L’affaire a éclaté quand Compagnie de Trucy, une société d’investissement basée à Paris, a demandé à l’Institut national de la propriété intellectuelle (INPI) français de déposer douze marques contenant le mot « rooibos » ou « rooibos tea » (en anglais), comme « The Rooibos Company », « Compagnie européenne du rooibos », « La maison du rooibos », etc.
De quoi inquiéter sérieusement les producteurs: « Personne d’autre ne pourra appeler le rooibos par son nom en France » à moins de payer des royalties à la firme française, se désole Snoekie Snyman, coordinatrice du Conseil du rooibos sud-africain.
« Qu’une compagnie veuille l’utiliser (le rooibos) comme une marque déposée à l’étranger et toucher des royalties est franchement inacceptable », s’est emporté le ministre du Commerce Rob Davies.
« C’est une cause que nous allons défendre » coûte que coûte, a-t-il ajouté devant un récent congrès sur la propriété intellectuelle.
Couramment appelé « thé rouge », le rooibos est une plante qui ne contient pas de théine. Il donne en infusion une boisson agréable, légèrement sucrée, renommée pour ses bienfaits pour la santé.
Il ne pousse que dans le Cederberg, dans l’arrière-pays du Cap. Le chiffre d’affaires de la filière n’est pas énorme, de l’ordre de 500 millions de rands par an (42 millions d’euros), dont 45% partent à l’exportation. Mais le pays y est très attaché, comme au biltong (viande séchée) ou à l’agneau du Karoo (le vaste plateau aride du sud-ouest du pays).
Compagnie de Trucy n’a pas spécifiquement voulu déposer le mot « rooibos » lui-même. Mais c’est tout comme pour Claire Neirac, juriste au Centre de coopération internationale en recherche agronomique pour le développement (Cirad).
« Si on emploie le mot rooibos, ça fait concurrence aux marques +Le comptoir du rooibos+, +Le palais du rooibos+, etc. (. . . ) Tout ce qui contiendrait le mot rooibos serait contrefaisant parce que trop proche de ces marques », explique-t-elle.

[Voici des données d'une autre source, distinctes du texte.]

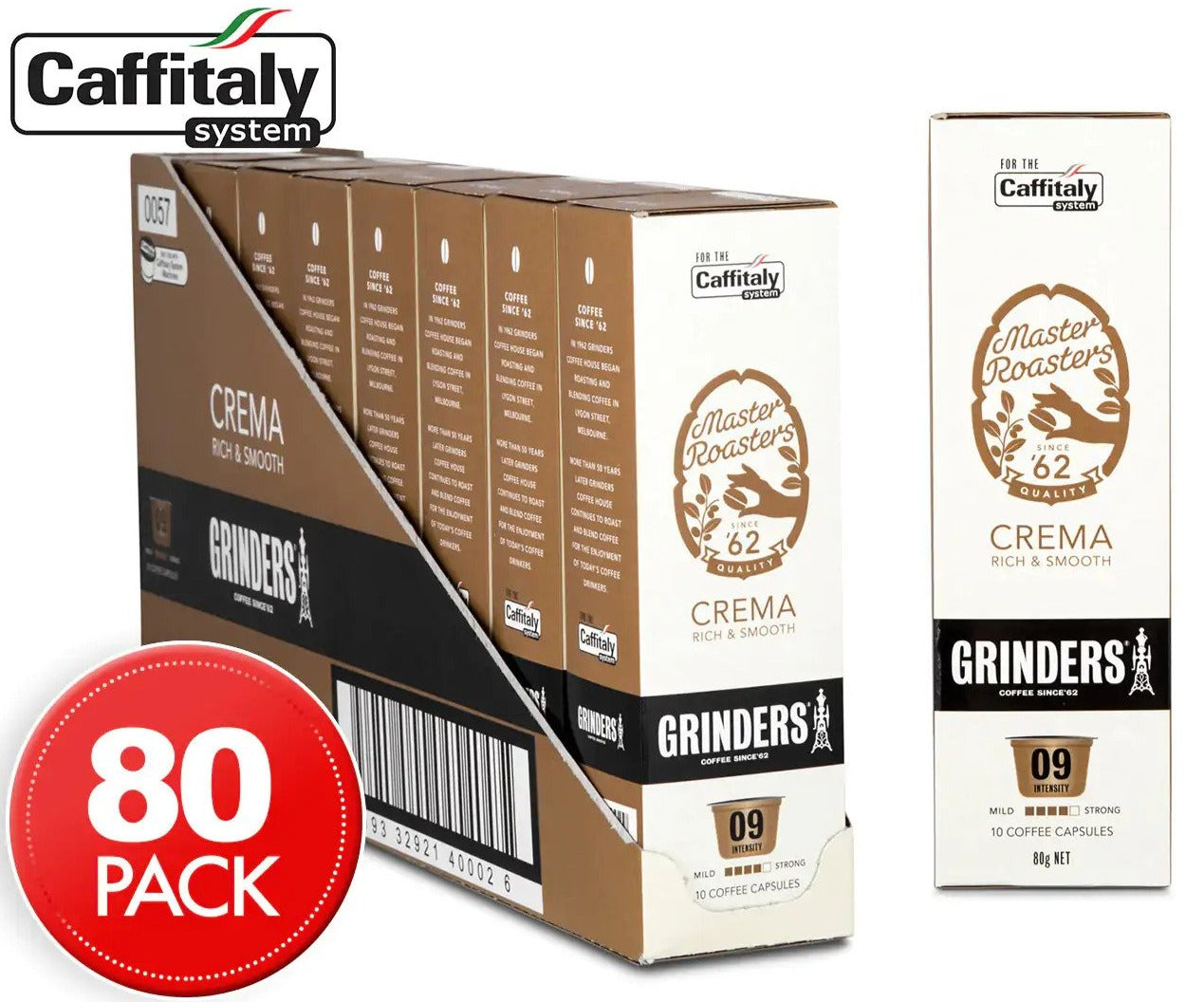 8 x Grinders Crema Caffitaly Coffee Capsules 10pk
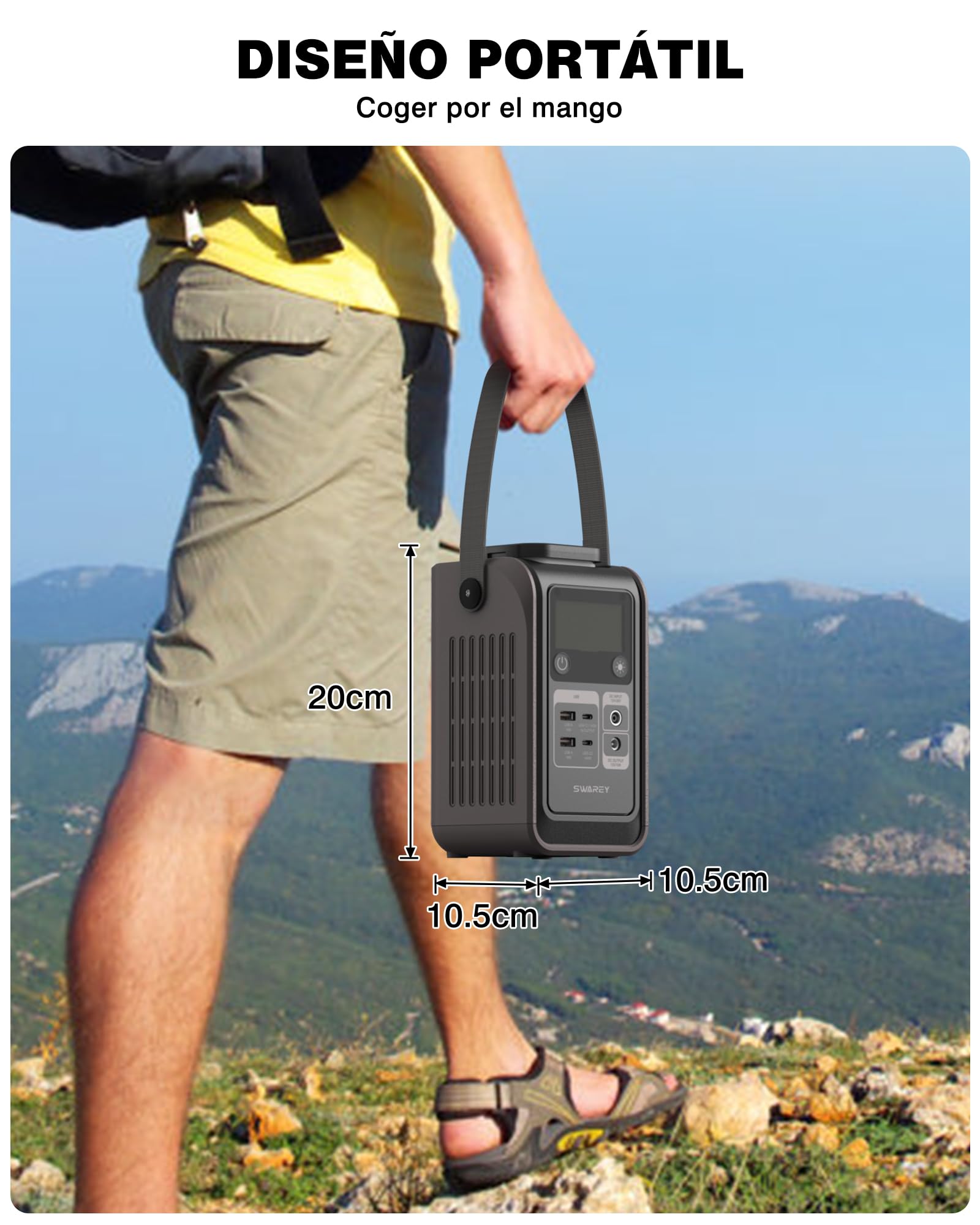 Estación de Energía Portátil S200, 192Wh Batería LiFePO4, Salida DC 180W, Carga Rápida Bidireccional USB-C de 140W, Generador Solar para Camping Viajes Emergencias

La compagnie américaine Burke International avait déjà tenté d’enregistrer le nom aux Etats-Unis en 1994, exigeant des royalties des importateurs, mais elle avait été contrainte à faire marche arrière onze ans plus tard au terme d’une longue bataille judiciaire.
Pour être protégé à l’étranger, un produit doit déjà l’être dans son propre pays. Or, l’Afrique du Sud ne connaît pas les appellations d’origine contrôlées, ce qui complique la donne pour les producteurs de rooibos.
Mais il n’y pas pas de danger, assure Jean-Michel Flu, le directeur des marques à l’INPI: « La position de l’INPI, c’est que nous considérons que le terme +rooibos+ n’est pas distinctif, et que personne ne peut se l’approprier. «
Concrètement, le thé rouge sud-africain est selon lui assez connu pour qu’on ne puisse pas entraver sa commercialisation. L’INPI, qui a enregistré huit des douze marques proposées par Compagnie de Trucy, a quand même retoqué les appellations « Rooibos Tea » et « South African Rooibos ».
« Il y a une trentaine de marques avec le terme +rooibos+, dont certaines sont très anciennes », relève d’ailleurs M. Flu. Y compris le mot « Rooibos » associé à un logo représentant une tasse qui fume, déposé en 2005 par Rooibos Limited, une ancienne coopérative qui écoule environ 70% de la production mondiale.
« Je ne vois pas bien où est le débat », s’interroge Matthias Leridon, le président de Compagnie de Trucy, qui entend créer une marque de luxe commercialisant notamment du rooibos fournis par des petits producteurs.
« Nous avons pleinement conscience que le terme rooibos présente un caractère générique, usuel et nécessaire à la désignation de cette variété de plante », a-t-il écrit dans un courrier au ministre Rob Davies dont l’AFP a obtenu copie.
Selon des professionnels du secteur, des producteurs sud-africains seraient à l’origine de la polémique, afin d’accélérer le processus de reconnaissance d’une appellation d’origine contrôlée (ou protégée) pour le rooibos.